** Opening Task data block **

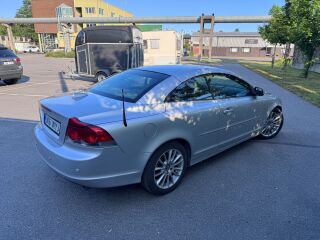 Volvo C70 2.4 R5 132kW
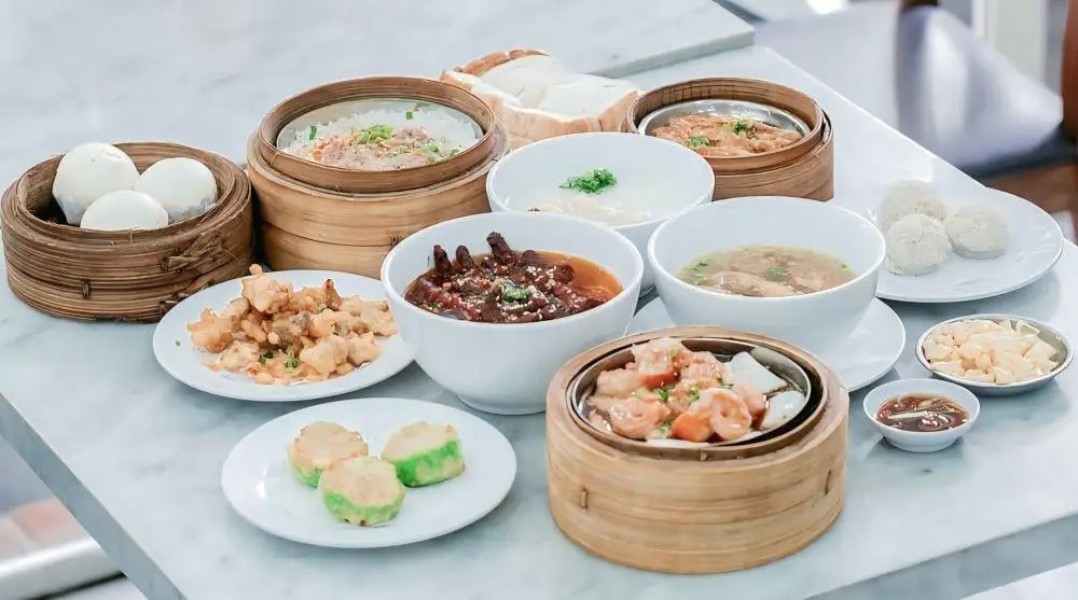 10 Rekomendasi Tempat Makan Dimsum Halal Bandung yang Wajib Dicoba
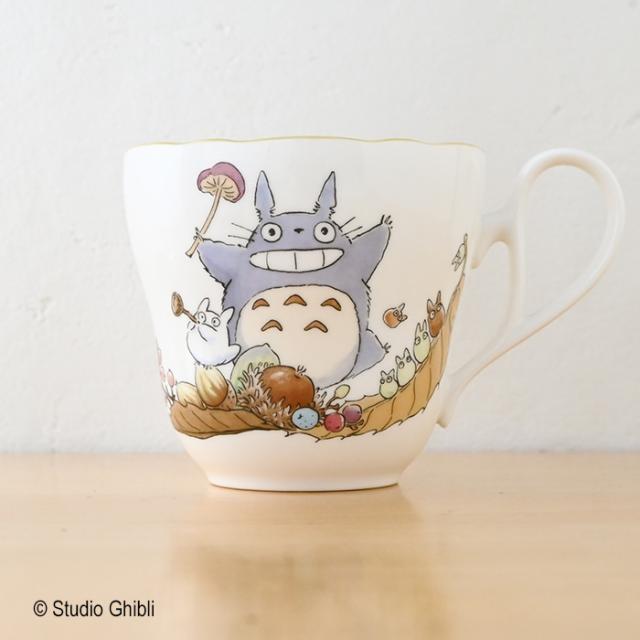 Noritakeとなりのトトロ カップ＆ソーサー＋大皿セット　　箱付き となりのトトロ ノリタケ スペシャルコレクション ミルクティー
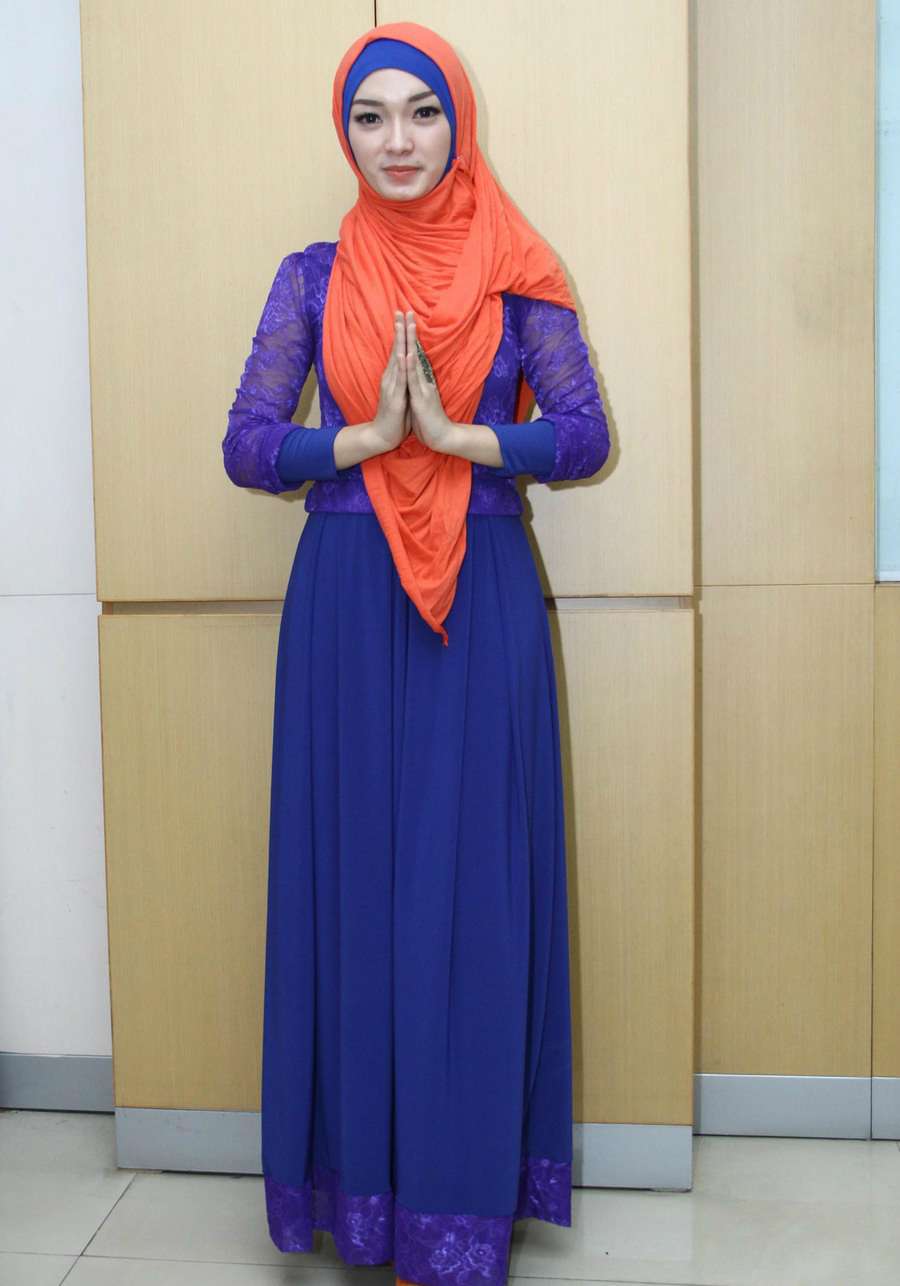 Foto Zaskia Gotik Anggun Berhijab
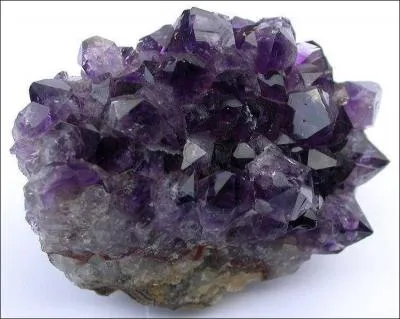 L'améthyste est une variété violette de quartz, mais c'est aussi le nom :
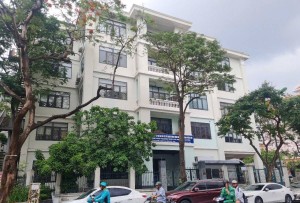 Bài XI: Trụ sở khang trang giữa "đất vàng" Hà Nội bỏ hoang lãng phí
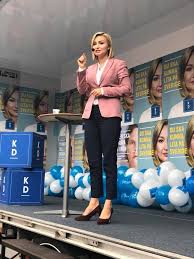 I inlägget pekar hon ut ombudet i fastighetstvisten med esbjörn bolin som brottsdömd. Slutspurt Stockholm Goteborg Kristdemokraterna Facebook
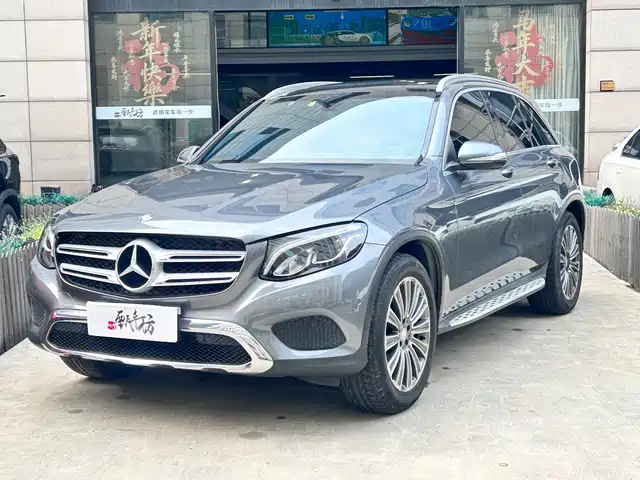 MERCEDES-BENZ GLC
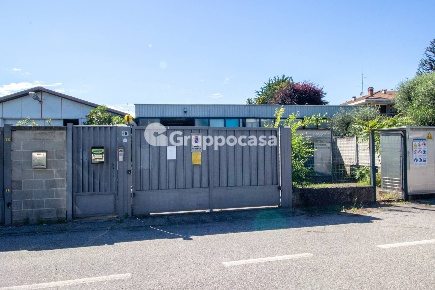 Foto Capannone industriale in Via Alessandrini 16, Magenta Centro di 340 m²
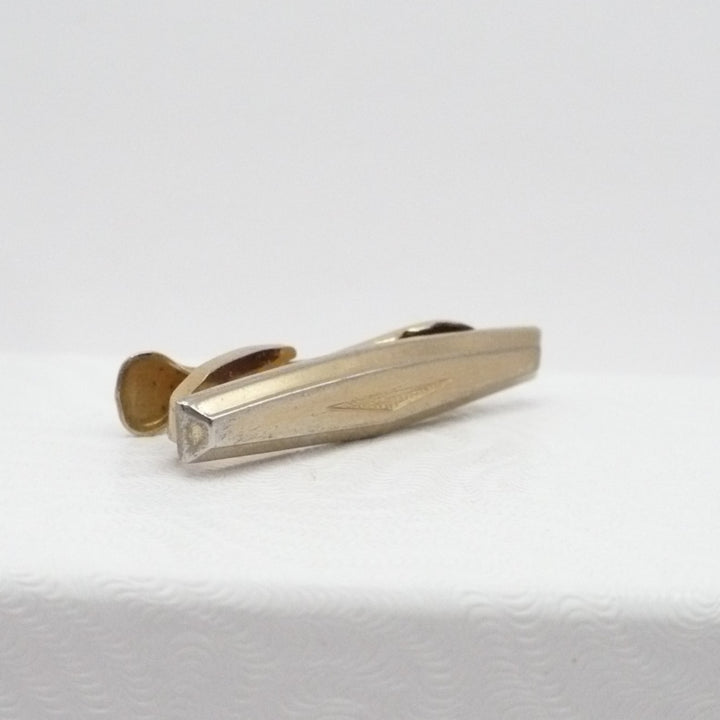 Vintage tie clip, clasp, bar.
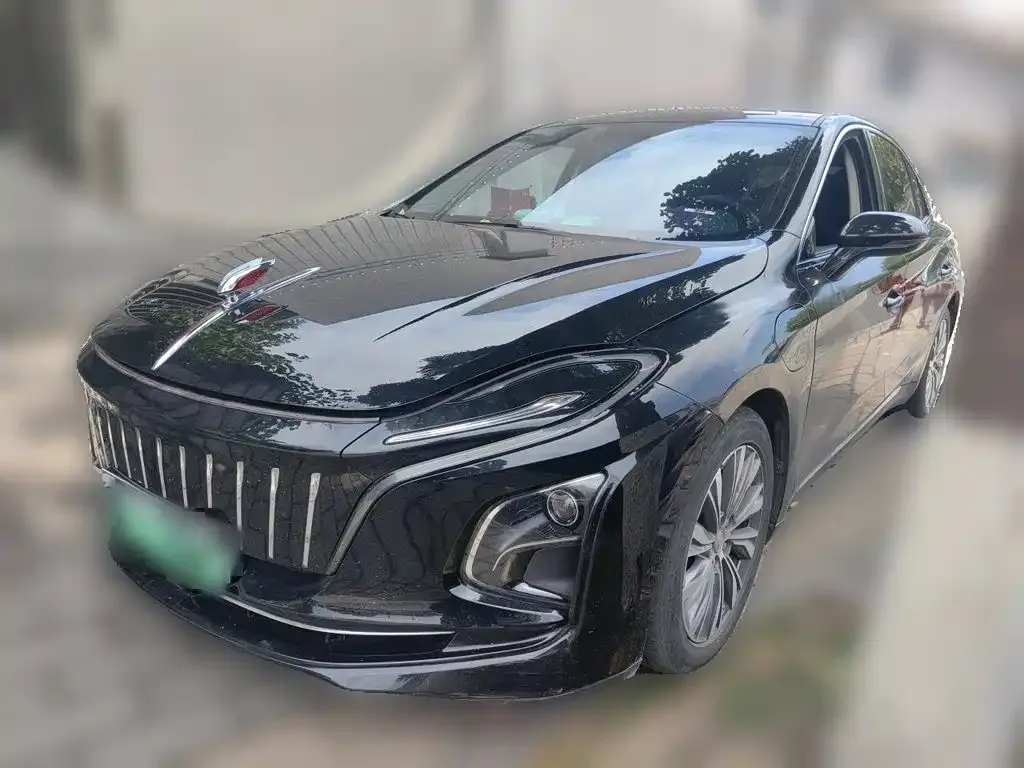 Hongqi E-QM5 — фото 1
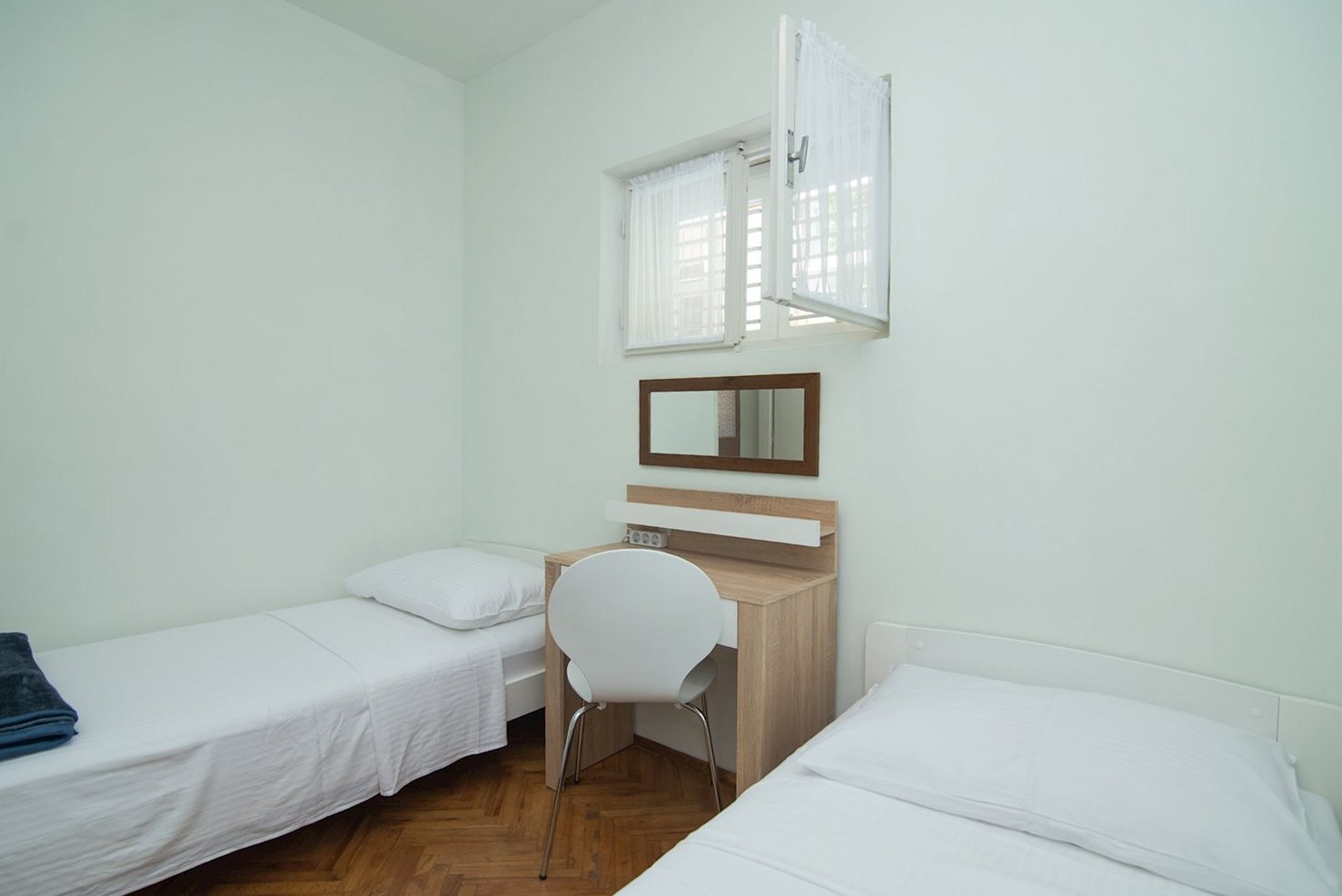 Two bedroom apartment with terrace Veli Lošinj, Lošinj  A-a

** Closing Task data block **

## Instructions for the task
For this task, give again exactly the lines from the line with "Vintage tie clip, clasp, bar." through the end of the entries, including both ends, and omit the pictures.

## Task solution
 Vintage tie clip, clasp, bar.
 Hongqi E-QM5 — фото 1
 Two bedroom apartment with terrace Veli Lošinj, Lošinj  A-a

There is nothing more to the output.